Jitter is theoretically a potential problem, but one that I believe is rarely actually heard. I have seen elevated noise floor problem with HDMI due to power distribution and ground loop problems and believe that to be a much greater potential.


----------



## FargateOne

Hello,
this week-end I had to do experimentations to find a bug in my system. The chain via hdmi connections was the following: Laptop to nanoavr-dl to avr to display device (no bluray in the equation). I succesfully did measures with dirac but I can't get sound signal sweeps from rew. (laptop +rew directly to avr was ok but laptop+rew to avr via nano was not working). I suspect that my problems are related to what you are pointing in this thread.
Maybe it would be helpfull if you could add some screen shots of the most importants steps that you kindly describes here?


----------



## AudiocRaver

I will try to get to it, but have other pressing priorities.:|

It will be at least a few days before I can get to it.


----------



## FargateOne

AudiocRaver said:


> I will try to get to it, but have other pressing priorities.:|
> 
> It will be at least a few days before I can get to it.


Hello,
I may add something usefull for someone. A few weeks ago, I reconnected my receiver to the my TV (Samsung)via hdmi output 1 from the receiver to *hdmi 1 input* of the TV. The video and audio signal from the hdmi cable of the the BD player worked fine.

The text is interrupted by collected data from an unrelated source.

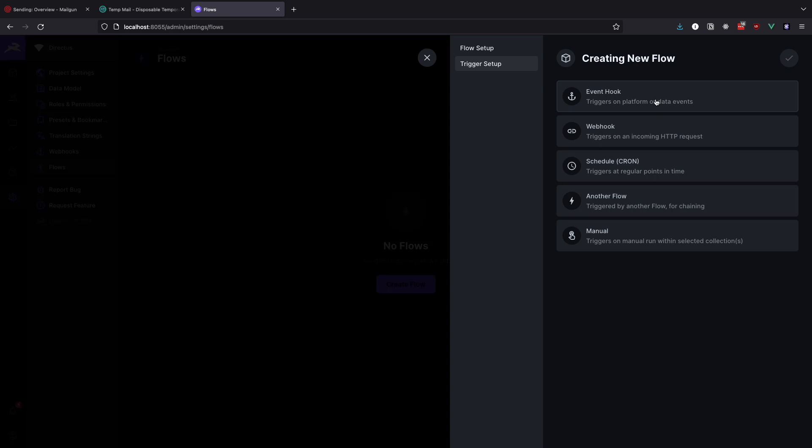Remember every flow needs to have a trigger. As you can see, you have a lot of options here, like event hooks, web hooks, cronjobs, and so on. We will choose event hook.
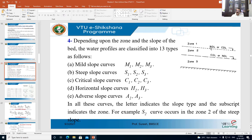With reference to the channel bed, a line parallel at depth yn represents the normal depth line, and another line parallel at depth yc represents the critical depth line. So we have zone 1, zone 2, and zone 3. If the depth of flow is above both the critical depth and normal depth, we call this zone 1. If it is between the NDL and CDL, we call it zone 2. If it is below the CDL or NDL, we call that zone 3.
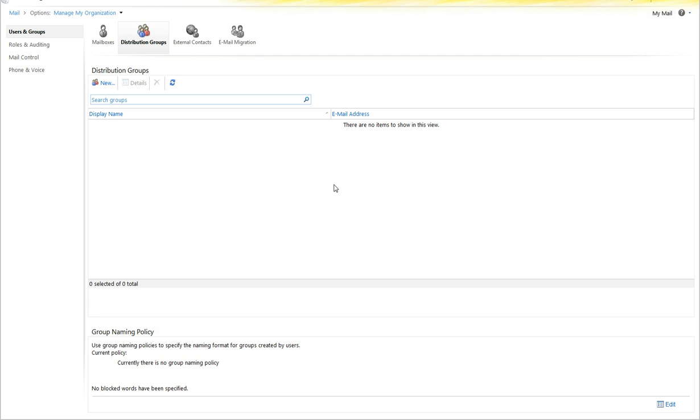Thank you for joining us today. This session is going to cover managing distribution groups and group naming policies in the Exchange Control Panel.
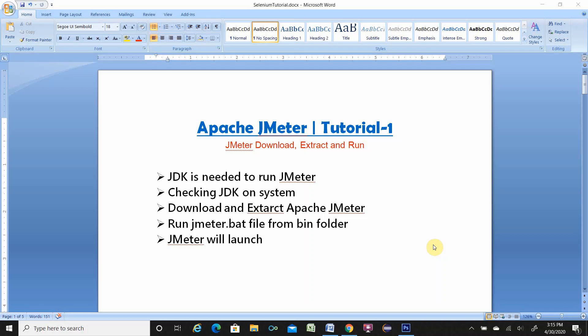So I'll show you checking JDK on your system, how to do that. Also I'll download and extract Apache JMeter. Run jmeter.bat file from bin folder then JMeter will launch. This is like a JMeter download and install on your system.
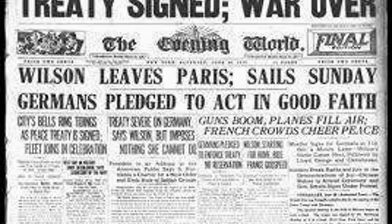In the midst of this economic turmoil, a charismatic politician named Adolf Hitler began to gain prominence. Hitler, who had served as a soldier in World War I, used the widespread anger and resentment in Germany to his advantage. He blamed the Treaty of Versailles for the nation's suffering and promised to restore Germany to its former glory. As Hitler rose to power, he dismantled military restrictions and embarked on territorial expansion. His aggressive actions — such as the annexation of Austria and the occupation of the Sudetenland — were met with appeasement by Western powers desperate to avoid another war.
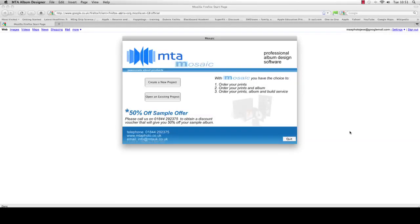Today I'm going to give you an introduction into the MTA Mosaic software. This is our main splash screen when you open the software from your desktop, and we're going to initially create a new project.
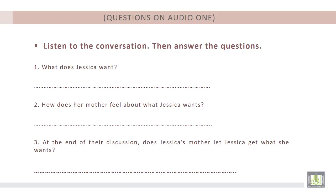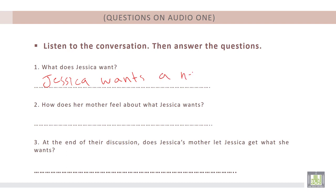Question number one: What does Jessica want? According to the audio track, Jessica wants a new cell phone with a camera.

When I connected my laptop to the receiver to use Rew guess what : nothing appears on the TV. The laptop did not see the receiver nor the TV. 

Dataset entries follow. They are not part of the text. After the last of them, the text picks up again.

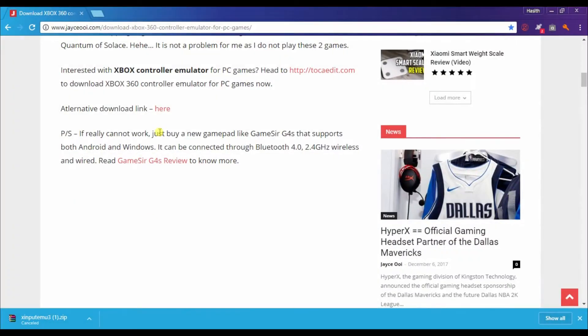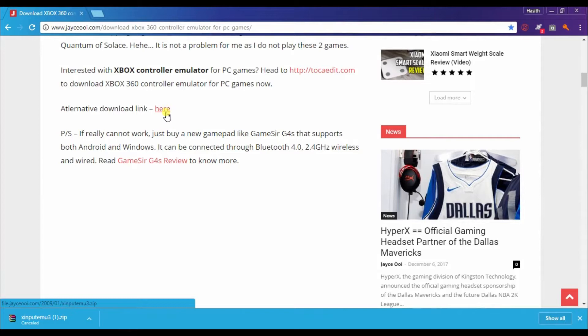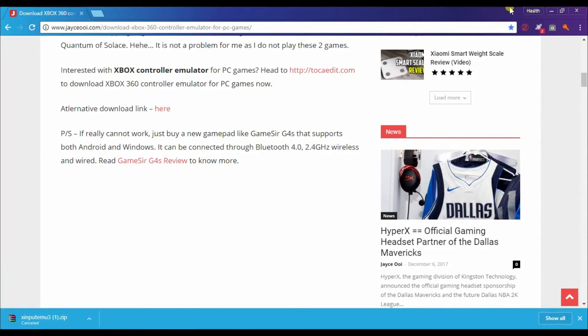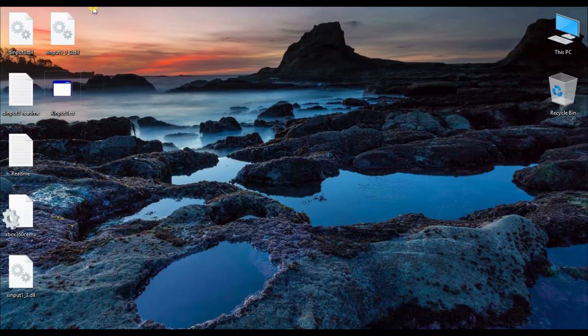If you want to see this, it will be perfect. If you click this, you won't be able to see the file. If you want to see the file, you can save the file.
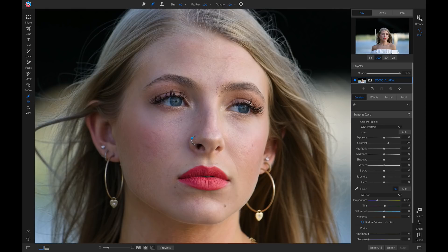Now I'm just going to brush this on where I want to retouch, and it will remove it right away.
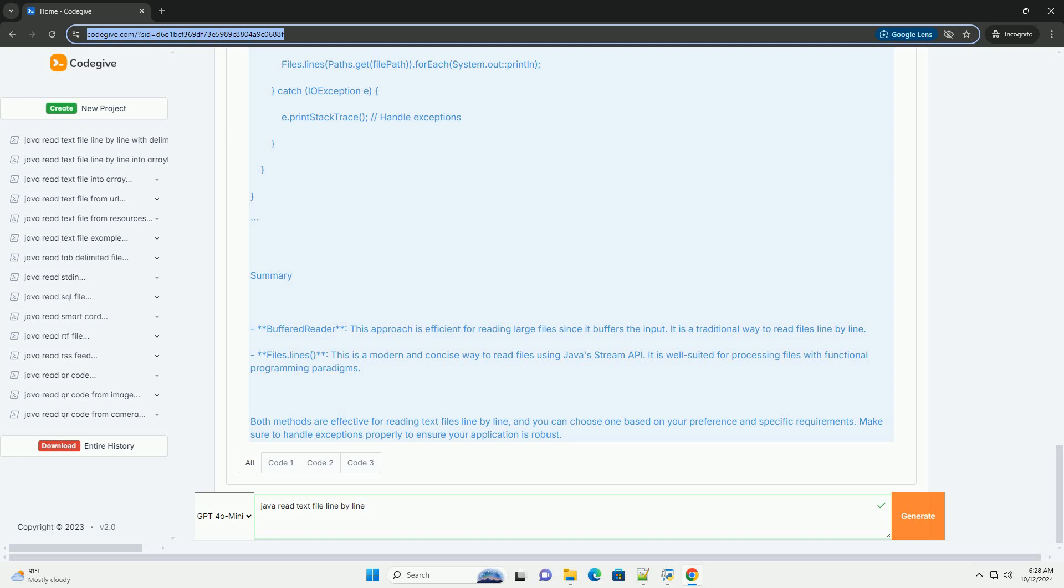Code Example. Method 2: Using Files.Lines. This method takes advantage of Java 8's Files class, which allows you to read all lines from a file as a stream.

My TV has 3 hdmi inputs. The second one is called *HDMI2 RECEIVER* in the OS menu of the tv (it is the input that also has ARC function but it is irrelevant here because I deactivate it). It took me the week-end to understand that the signal from a laptop via the receiver to the Tv must passes through this particular input of the TV. 

You must connect your hdmi from the receiver into this particular input if you want to use your laptop when it is connected to your receiver. At least in my set up.

P.S.: Also take note that the last update of Windows 10 messed up with the displays drivers. I had to uninstal the intel driver completly, reboot the laptop, followed Microsoft instructions toreinstall and update the Intel driver to get it again in ASIO4all.


----------



## AudiocRaver

Thanks for the input, FargateOne, I added your tip to the list and made a couple of other minor changes and additions.


----------



## AudiocRaver

Another little update, concerning use with REW.


----------



## etc6849

Hi, I am using Intel HDMI audio setup to 5.1 (side speakers) in Windows 7 Ultimate, not set as default. I am also using Dirac, setup to 5.1 and default. Dirac Audio Processor will show 2 channels 44.1kHz, while the XMC-1 will still show 5.1, but will show 44.1kHz.

When I play stereo using Wasapi Dirac in foobar or Kodi, my XMC-1 shows 5.1! When I try mutlichannel, my XMC-1 shows 7.1!?!

Any ideas? Does your Dirac setup automatically change the number of channels properly? 

PS: When I use Wasapi using Intel HDMI audio (instead of Dirac WASAPI), the number of channels change properly (XMC-1 shows PCM 2.0 for stereo).



AudiocRaver said:


> Another little update, concerning use with REW.


----------



## AudiocRaver

etc6849 said:


> Hi, I am using Intel HDMI audio setup to 5.1 (side speakers) in Windows 7 Ultimate, not set as default. I am also using Dirac, setup to 5.1 and default. Dirac Audio Processor will show 2 channels 44.1kHz, while the XMC-1 will still show 5.1, but will show 44.1kHz.


My setup is Dirac in the PC/server, and it does not show frequency or channels, only that it is streaming. All is set to 5.1 throughout, with foobar as the player, and the Onkyo AVR always says Multichannel, even with stereo source.



> When I play stereo using Wasapi Dirac in foobar or Kodi, my XMC-1 shows 5.1!


That is what I see in my AVR.



> When I try mutlichannel, my XMC-1 shows 7.1!?!


That is a mystery!



> Any ideas? Does your Dirac setup automatically change the number of channels properly?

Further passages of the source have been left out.